*** Begin section ***

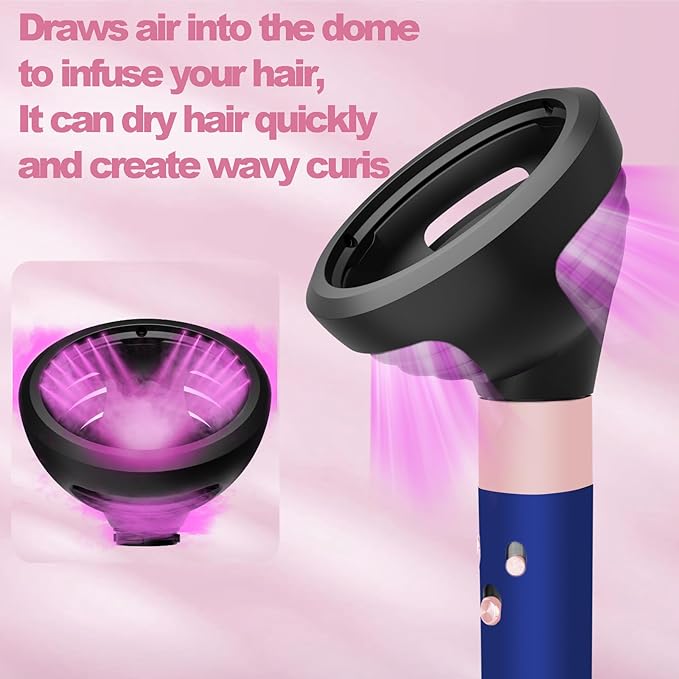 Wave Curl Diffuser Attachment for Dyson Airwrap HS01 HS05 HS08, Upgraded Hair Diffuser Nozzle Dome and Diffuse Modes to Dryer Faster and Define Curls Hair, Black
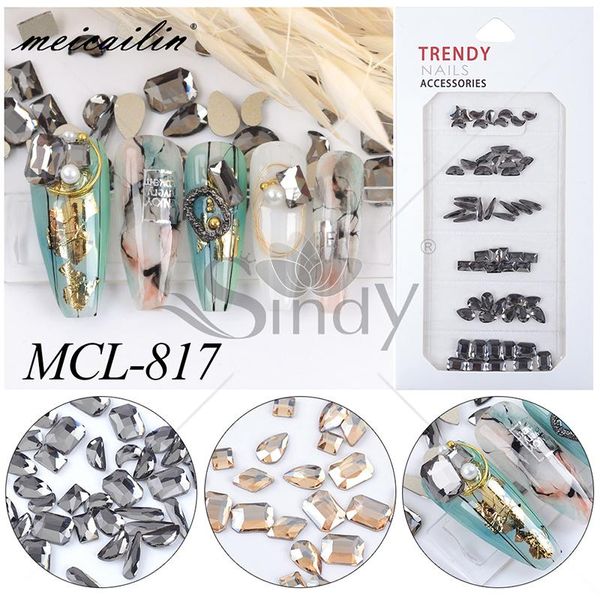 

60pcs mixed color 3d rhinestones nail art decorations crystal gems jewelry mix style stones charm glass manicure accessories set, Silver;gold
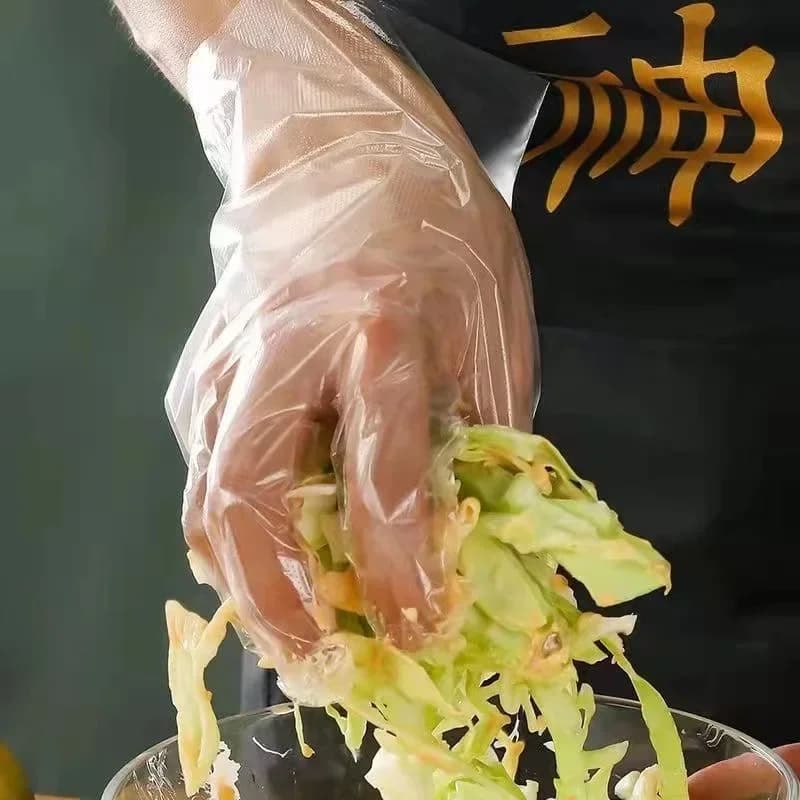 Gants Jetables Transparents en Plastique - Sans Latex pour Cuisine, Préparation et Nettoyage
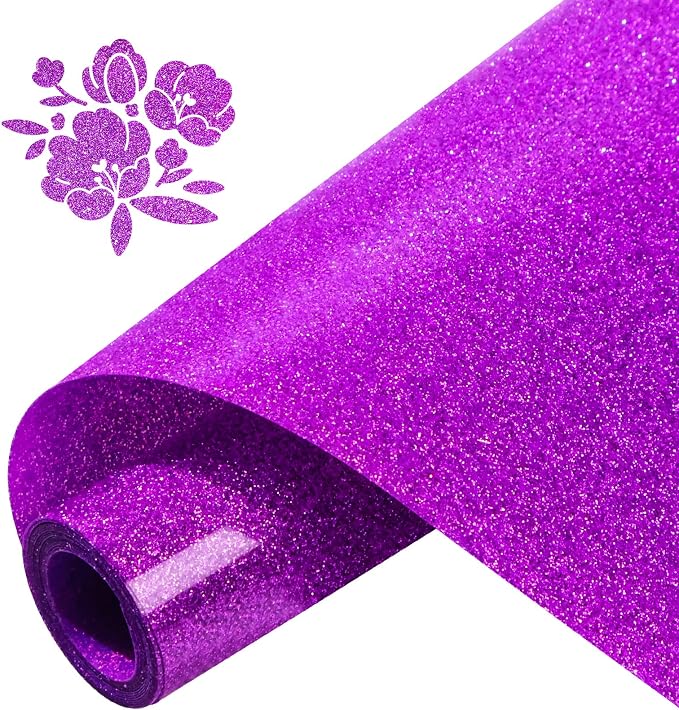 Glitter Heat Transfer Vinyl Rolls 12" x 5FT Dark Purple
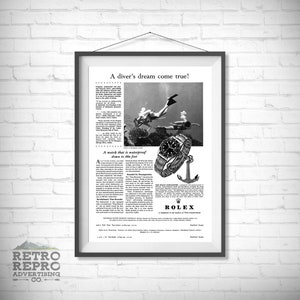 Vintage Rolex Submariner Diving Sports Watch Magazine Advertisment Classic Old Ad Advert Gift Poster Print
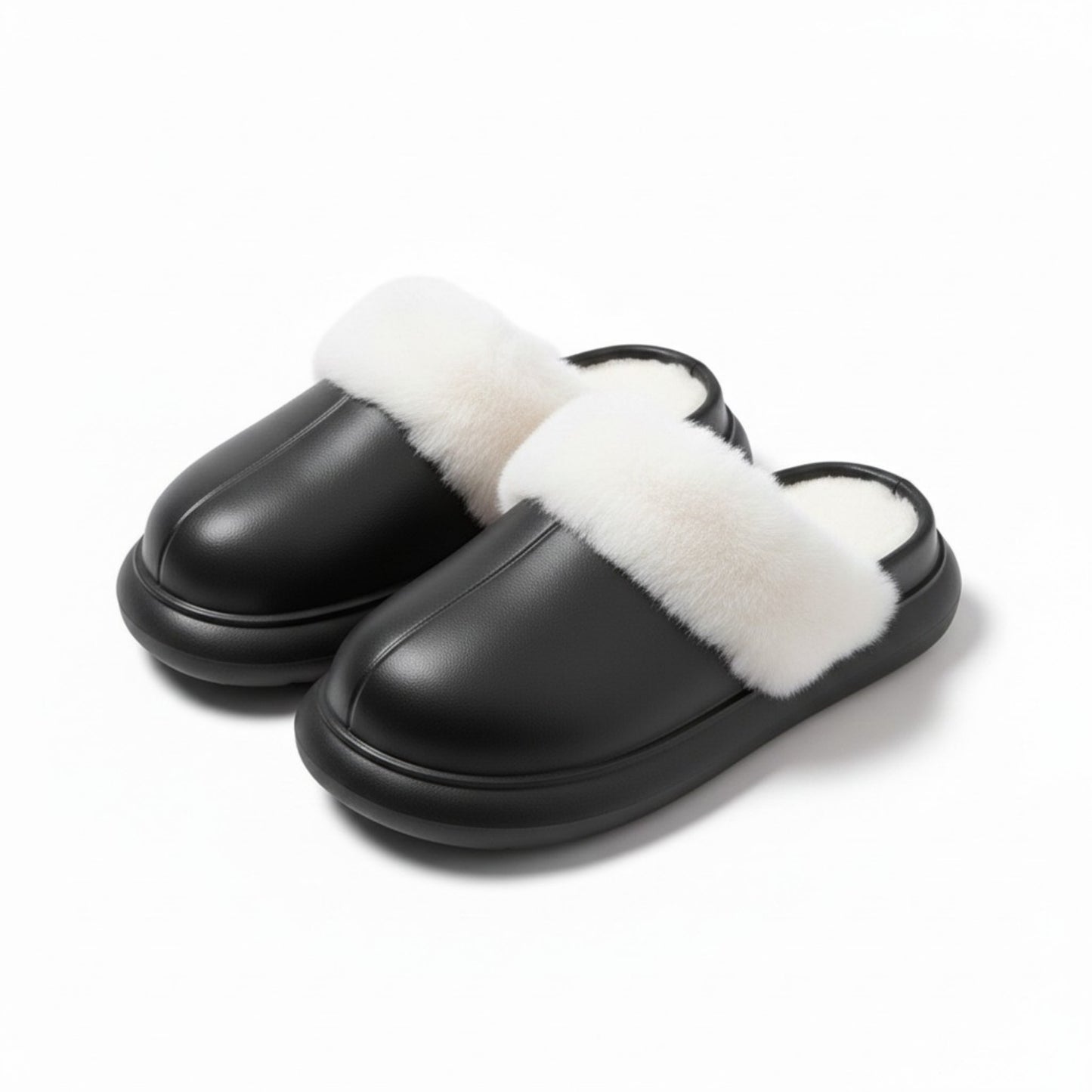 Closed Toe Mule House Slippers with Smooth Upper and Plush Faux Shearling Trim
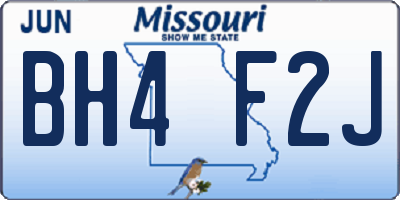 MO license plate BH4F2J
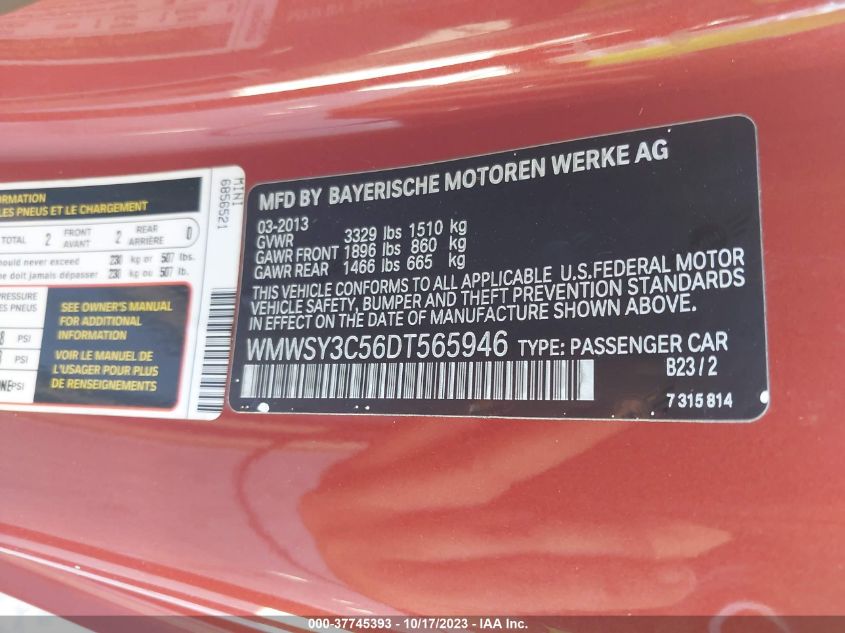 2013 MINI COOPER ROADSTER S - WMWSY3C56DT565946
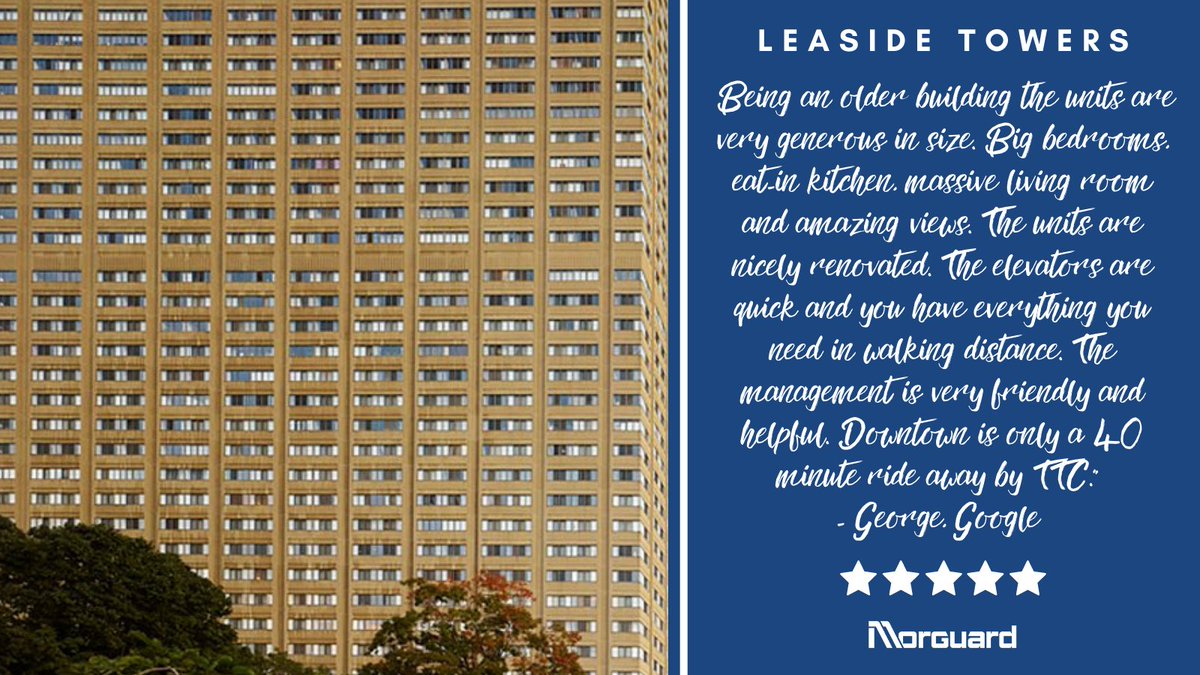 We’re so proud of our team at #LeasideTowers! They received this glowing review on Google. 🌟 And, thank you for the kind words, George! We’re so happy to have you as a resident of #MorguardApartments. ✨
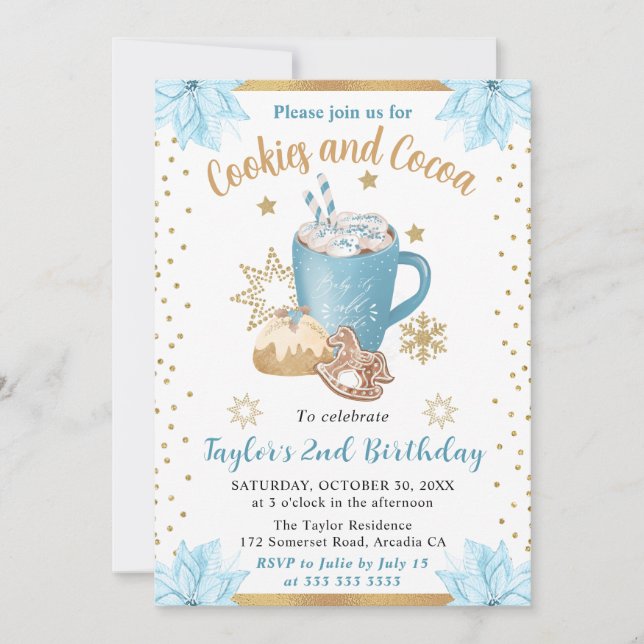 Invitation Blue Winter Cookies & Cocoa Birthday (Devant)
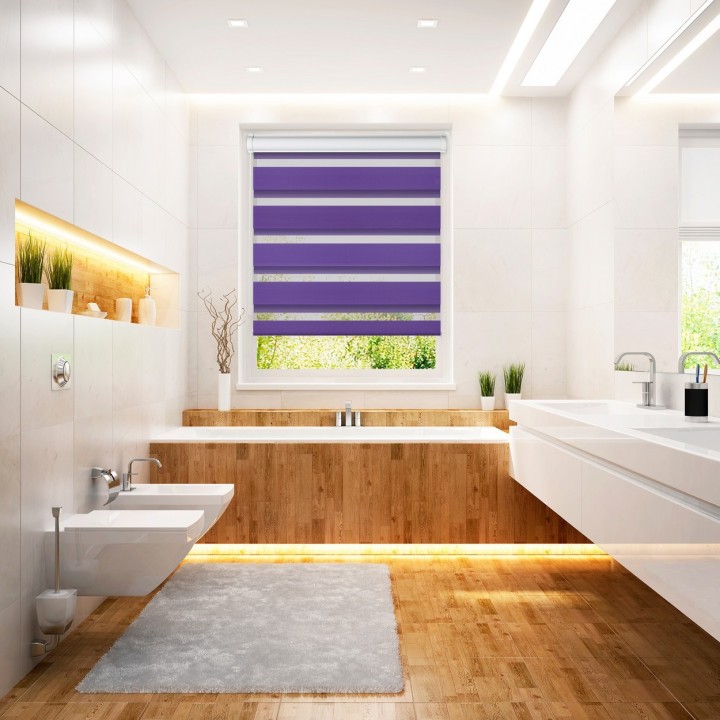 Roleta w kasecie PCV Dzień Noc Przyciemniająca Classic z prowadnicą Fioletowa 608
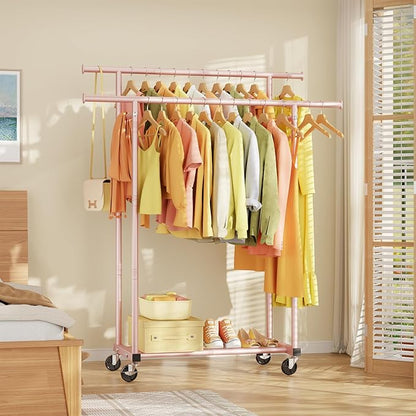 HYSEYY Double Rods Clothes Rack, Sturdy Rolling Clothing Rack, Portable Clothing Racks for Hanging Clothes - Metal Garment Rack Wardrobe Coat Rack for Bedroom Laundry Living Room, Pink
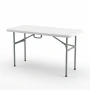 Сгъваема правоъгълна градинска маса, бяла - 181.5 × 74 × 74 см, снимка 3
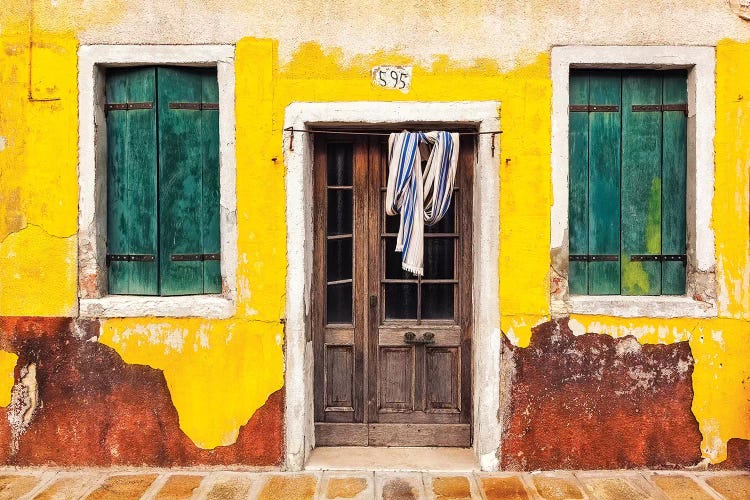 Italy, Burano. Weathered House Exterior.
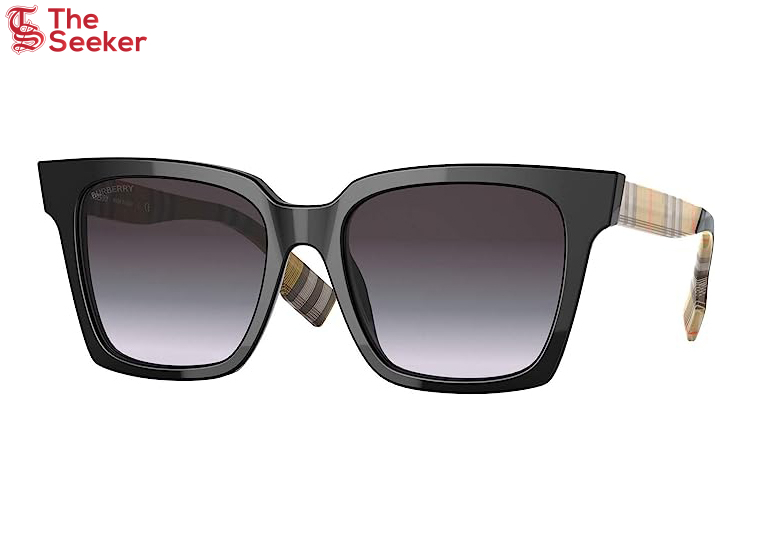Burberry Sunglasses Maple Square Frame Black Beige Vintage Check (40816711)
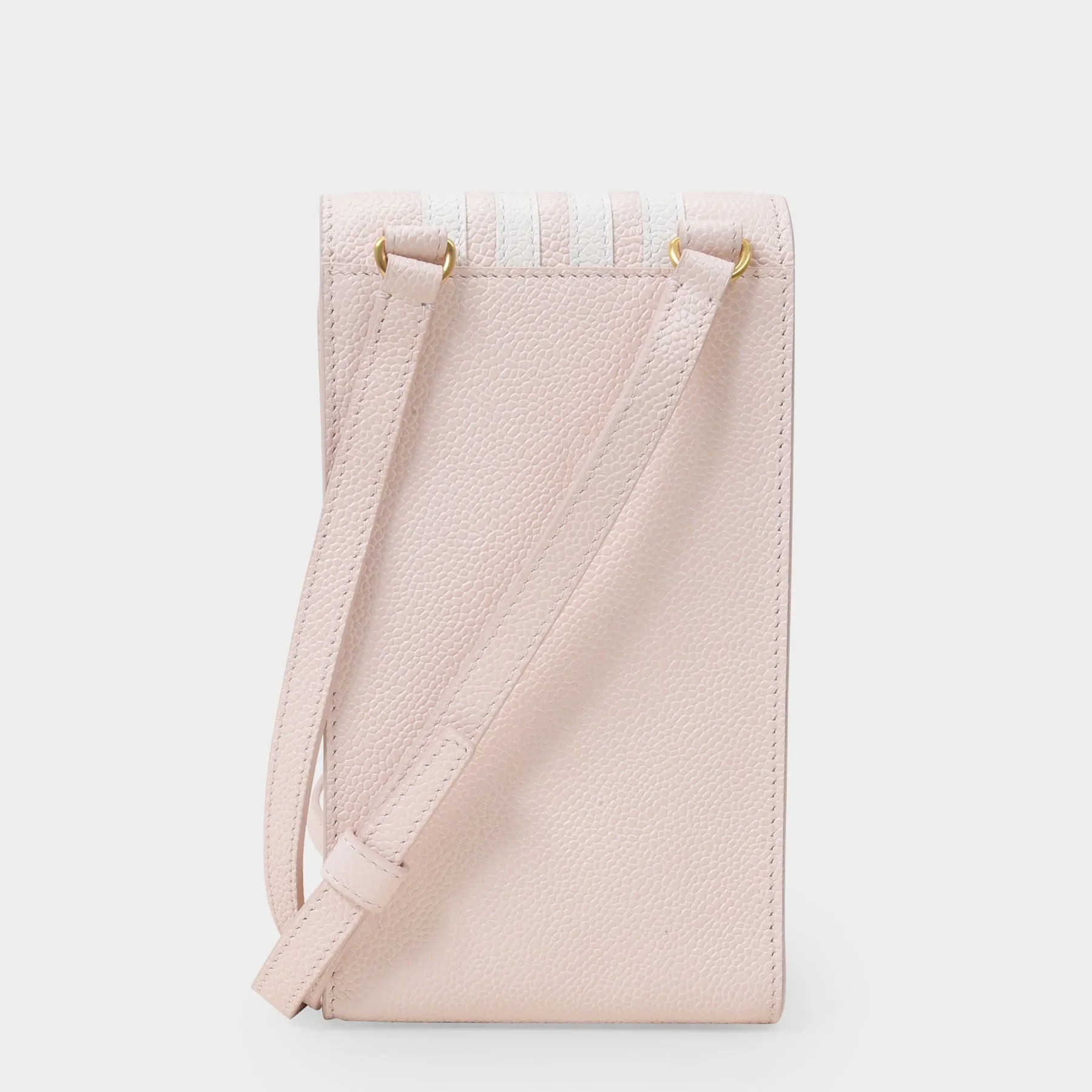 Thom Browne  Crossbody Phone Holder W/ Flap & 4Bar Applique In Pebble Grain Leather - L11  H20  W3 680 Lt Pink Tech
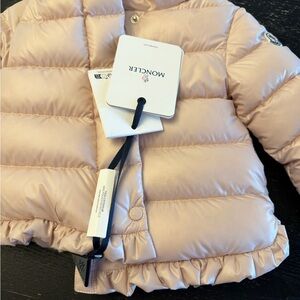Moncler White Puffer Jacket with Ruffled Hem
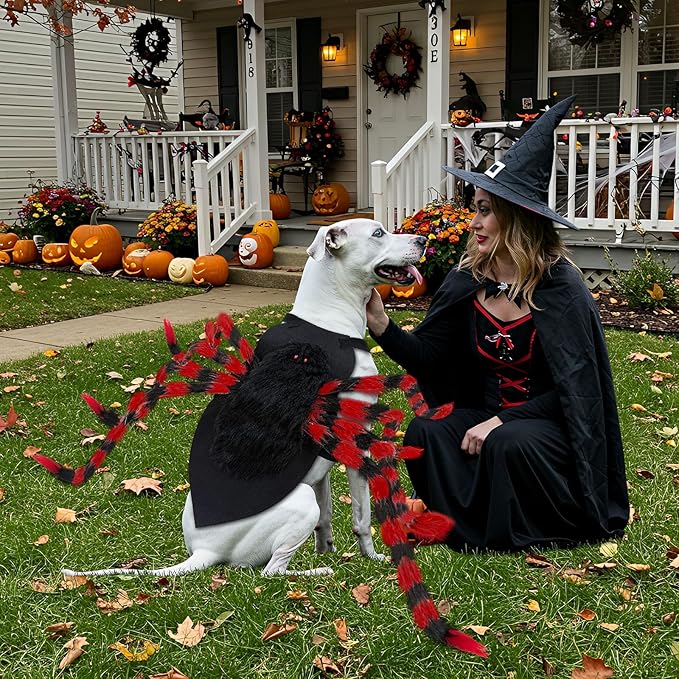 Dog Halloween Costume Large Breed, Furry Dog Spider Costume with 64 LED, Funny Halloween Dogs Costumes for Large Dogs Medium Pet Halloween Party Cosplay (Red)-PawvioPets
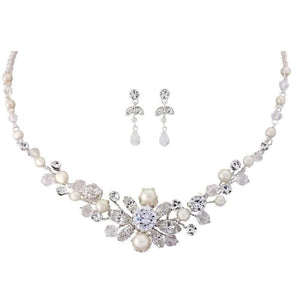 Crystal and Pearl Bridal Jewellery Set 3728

*** End section ***

Using the data above, transcribe exactly the lines between those containing "Closed Toe Mule" and "Moncler White Puffer Jacket with Ruffled Hem", inclusive, and leave every picture behind.

▶ **Expected answer**:
 Closed Toe Mule House Slippers with Smooth Upper and Plush Faux Shearling Trim
 MO license plate BH4F2J
 2013 MINI COOPER ROADSTER S - WMWSY3C56DT565946
 We’re so proud of our team at #LeasideTowers! They received this glowing review on Google. 🌟 And, thank you for the kind words, George! We’re so happy to have you as a resident of #MorguardApartments. ✨
 Invitation Blue Winter Cookies & Cocoa Birthday (Devant)
 Roleta w kasecie PCV Dzień Noc Przyciemniająca Classic z prowadnicą Fioletowa 608
 HYSEYY Double Rods Clothes Rack, Sturdy Rolling Clothing Rack, Portable Clothing Racks for Hanging Clothes - Metal Garment Rack Wardrobe Coat Rack for Bedroom Laundry Living Room, Pink
 Сгъваема правоъгълна градинска маса, бяла - 181.5 × 74 × 74 см, снимка 3
 Italy, Burano. Weathered House Exterior.
Burberry Sunglasses Maple Square Frame Black Beige Vintage Check (40816711)
 Thom Browne  Crossbody Phone Holder W/ Flap & 4Bar Applique In Pebble Grain Leather - L11  H20  W3 680 Lt Pink Tech
Moncler White Puffer Jacket with Ruffled Hem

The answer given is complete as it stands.